May 12, 2014
Participants: Bjorn Helgaas, Daniel Vetter, James Bottomley, Joerg Roedel, Josh Triplett, Laurent Pinchart, Matthew Wilcox, Rafael J. Wysocki, Roland Dreier, Tony Luck, and Will Deacon.
People tagged: Joerg Roedel, someone with intimate knowledge of EEH as used on Power systems, and KVM folks.
David Woodhouse raised the topic of device-driver errors, particularly in the presence of IOMMUs, and even more particularly in cases where a device is emitting an endless stream of errors that prevents the kernel from getting anything else done. It turns out that there are a number of ways to shut up such a device, including PCI function-level reset, power cycling the device, or perhaps configuring the IOMMU to ignore further errors from that device. Of course, the possibility of ignoring errors raises the question of when they should be re-enabled. David would like these decisions to be made in generic device code, not inconsistently in each IOMMU driver, whether for PCI or for non-PCI. Bjorn Helgaas, Rafael J. Wysocki, Joerg Roedel, and James Bottomley all expressed interest, with James indicating a further interest in avoiding an Intel-IOMMU-centric solution. James also asked if the errors in question were due to the device sending addresses that don't have IOTLB entries. David confirmed this case, adding attempts to write through read-only mappings. However, David believes that other errors will come to light as well, and that Intel IOMMUs have properties similar to those of other vendors.
Laurent Pinchart
suggests that one of the other classes of errors will prove to be
attempting to perform secure accesses on non-secure IOTLB entries.

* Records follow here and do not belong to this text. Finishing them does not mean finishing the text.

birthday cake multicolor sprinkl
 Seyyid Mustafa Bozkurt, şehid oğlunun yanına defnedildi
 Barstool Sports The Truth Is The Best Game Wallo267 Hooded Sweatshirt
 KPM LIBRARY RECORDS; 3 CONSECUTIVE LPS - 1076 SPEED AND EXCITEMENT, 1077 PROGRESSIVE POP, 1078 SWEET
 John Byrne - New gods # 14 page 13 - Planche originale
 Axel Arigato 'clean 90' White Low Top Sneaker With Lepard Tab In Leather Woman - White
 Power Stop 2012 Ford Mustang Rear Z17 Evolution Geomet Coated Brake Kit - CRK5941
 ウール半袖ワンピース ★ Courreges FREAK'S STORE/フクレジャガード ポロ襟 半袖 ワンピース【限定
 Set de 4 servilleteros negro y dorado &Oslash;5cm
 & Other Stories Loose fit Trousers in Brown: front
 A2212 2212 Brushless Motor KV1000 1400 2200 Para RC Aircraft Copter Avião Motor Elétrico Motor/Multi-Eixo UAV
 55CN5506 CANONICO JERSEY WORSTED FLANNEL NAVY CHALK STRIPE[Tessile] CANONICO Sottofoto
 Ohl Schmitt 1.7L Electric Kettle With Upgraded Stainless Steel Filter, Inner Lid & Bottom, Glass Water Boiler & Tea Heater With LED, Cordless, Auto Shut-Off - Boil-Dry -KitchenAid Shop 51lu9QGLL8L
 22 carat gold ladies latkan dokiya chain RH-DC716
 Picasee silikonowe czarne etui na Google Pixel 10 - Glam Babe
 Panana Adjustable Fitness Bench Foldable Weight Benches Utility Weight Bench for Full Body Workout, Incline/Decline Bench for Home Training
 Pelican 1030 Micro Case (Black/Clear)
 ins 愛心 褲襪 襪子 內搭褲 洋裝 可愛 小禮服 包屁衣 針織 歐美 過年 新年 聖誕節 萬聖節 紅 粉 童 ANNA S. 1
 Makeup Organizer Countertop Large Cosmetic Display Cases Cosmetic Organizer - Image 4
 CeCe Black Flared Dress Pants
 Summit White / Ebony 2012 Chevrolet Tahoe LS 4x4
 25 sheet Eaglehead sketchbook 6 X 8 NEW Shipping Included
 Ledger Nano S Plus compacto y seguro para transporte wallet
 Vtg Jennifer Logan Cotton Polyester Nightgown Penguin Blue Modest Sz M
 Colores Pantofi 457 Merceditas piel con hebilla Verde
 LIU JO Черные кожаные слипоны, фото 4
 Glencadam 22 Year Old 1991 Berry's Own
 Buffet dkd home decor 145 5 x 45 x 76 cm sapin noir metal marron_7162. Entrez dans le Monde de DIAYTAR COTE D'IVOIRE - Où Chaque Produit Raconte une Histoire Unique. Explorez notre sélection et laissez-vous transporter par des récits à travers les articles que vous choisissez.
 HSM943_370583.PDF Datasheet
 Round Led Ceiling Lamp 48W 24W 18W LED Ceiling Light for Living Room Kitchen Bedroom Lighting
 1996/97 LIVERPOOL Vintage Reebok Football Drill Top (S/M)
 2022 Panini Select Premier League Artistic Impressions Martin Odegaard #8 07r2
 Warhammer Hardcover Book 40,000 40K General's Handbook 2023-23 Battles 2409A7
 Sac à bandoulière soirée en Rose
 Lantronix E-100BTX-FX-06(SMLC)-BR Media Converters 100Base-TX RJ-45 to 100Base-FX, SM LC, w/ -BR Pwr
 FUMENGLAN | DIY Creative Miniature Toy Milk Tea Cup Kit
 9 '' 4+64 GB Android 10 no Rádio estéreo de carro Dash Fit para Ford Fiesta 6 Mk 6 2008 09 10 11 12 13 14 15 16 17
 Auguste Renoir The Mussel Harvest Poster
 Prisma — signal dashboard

Laurent also suggested partitioning the problem into (1) identifying the
offending device and (2) identifying a mechanism to handle the errors.
Laurent doubts that #1 can be completely generic, and believes that #2
will require both generic and driver-specific code.
Will Deacon
pointed out that some non-PCI devices lack a specified way of making sure
that a newly-killed device does not still have transactions in flight.
In addition, ignoring fault reports can result in queue overflows in
some implementations.
Josh Triplett
is interested in using IOMMUs to protect against buggy and even against
malicious devices.
This is particularly important for devices (like some laptops) that
allow external PCIe devices to be plugged in.
David Woodhouse
notes that this use case is what prompts the current implementation
to give devices with no driver zero privileges and to give devices
with a driver carefully whitelisted privileges.
Roland Dreier
argues that no special action should be required if there is no device
driver, because no bits get turned on in the PCI command register until
pci_enable_device()
time.
Roland also notes that his wifi adapter can already sniff and modify
all his network traffic, so there is a limit to what IOMMU-level protection
can accomplish, and wishes that VT-d was in better shape so that distros
might enable it by default.
Tony Luck
likes the idea of defending against buggy hardware from a RAS perspective.
James Bottomley
wonders what exactly needs to be done for RAS beyond having the IOMMU
corral the device.
Joerg Roedel
wants proper fault handling, even on laptops and desktops, arguing that this
will be needed for newer GPUs.
Laurent Pinchart
wants a mechanism to correctly report and handle the IOMMU faults in
order to prevent interrupt storms from causing DoS.
Daniel Vetter
has considerable experience with these sorts of interrupt storms, in fact,
they cause so much trouble that Daniel disables IOMMUs on his development
systems, which in turn causes regressions, reinforcing distro's decisions
not to enable IOMMUs by default.
Daniel therefore would like to see IOMMU interrupt-storm handling as a
first step towards making IOMMU enablement safe on both development
and production systems.
Joerg Roedel
agrees that the developer use case must be taken into account, but
believes that there needs to be some way of re-enabling a device that
was previously ignored due to interrupt storms.
Daniel
suggests that a disable/enable cycle of the PCI bus master should be
a sufficient signal, but also suggests that simply re-enabling the
IOMMU whenever any child device is re-enabled would suffice.
In the latter case, if the interrupt storm resumed, the storm handling
would simply kick in once again.
Roland Dreier notes that there are many other PCI errors besides IOMMU faults, and wonders if this other error handling can also be consolidated. Roland is concerned about NVMe devices, which are PCIe-connected devices that might be put into hot-pluggable JBODs, at which point the fact that the kernel reacts less well to PCIe hotplug than to (say) SAS hotplug becomes apparent. Matthew Wilcox has been hearing rumors about NVMe hotplug, but hasn't seen bug reports. Matthew therefore requested that people put up or shut up on this topic. Roland replied that he was not trying to spread FUD, and that in any case the issues he is seeing are PCIe configuration problems rather than bugs in the NVMe driver itself.